As always, the Kardashians’ lives don’t unfold with a great sense of urgency, devoting the first two episodes to the preparations for Kim’s “SNL” stint, while eliciting fairly obvious exchanges like her marveling, “This will be live. Live.”
There is also a subplot involving Kim’s concern about the potential release of more footage from a years-old sex tape, although that wrinkle makes this seem a bit more like a reboot than anything else. Any crisis is a source of drama, perhaps, but this feels like playing the oldies, a cut off the greatest hits collection.
Obviously, the Kardashians have built their personal lives into a lucrative cottage industry, which includes turning everyone — exes, kids, you name it — into part of the ensemble. That can create some awkward and even queasy moments, but at this point, nobody in their extended orbit can plead ignorance about the rules of the game.

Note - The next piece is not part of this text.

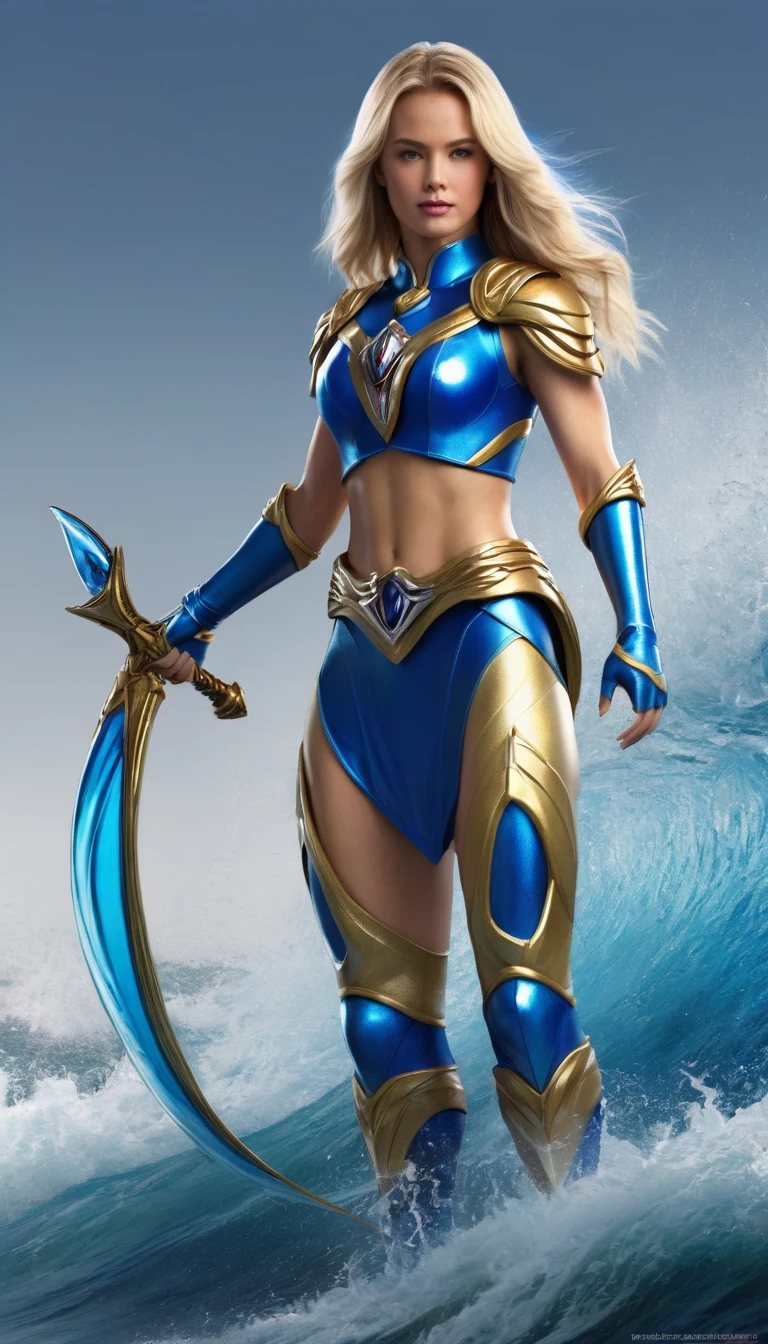character design sheet, power ranger, Woman, americana, blonde long hair, blue colored eyes, blue fabric armor, power gives water, water reference, mermaid symbol, not Mark Reiden style, Xue Wang, exquisite workmanship, high détail, 8k, realisitic, inscriptions with technical characteristics, character description given, your strengths are shown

What remains striking is that the Kardashians frequently talk about the demands on their time and lack of privacy as if it isn’t or wasn’t a choice, implying that they are bystanders in this three-ring circus as opposed to its ringmasters. Indeed, one of the most honest moments comes when Kim says, “I hate talking about myself, but…,” ending the thought amid off-camera laughter.
In that sense, the Kardashians’ fundamental relationship is with fans (or simply curious gawkers) who follow their exploits — a bond that explains why Hulu would be eager to add the show to its streaming arsenal. Because the family doesn’t know how to quit us, apparently, any better than a lot of us know how to quit them.
“The Kardashians” premieres April 14 on Hulu.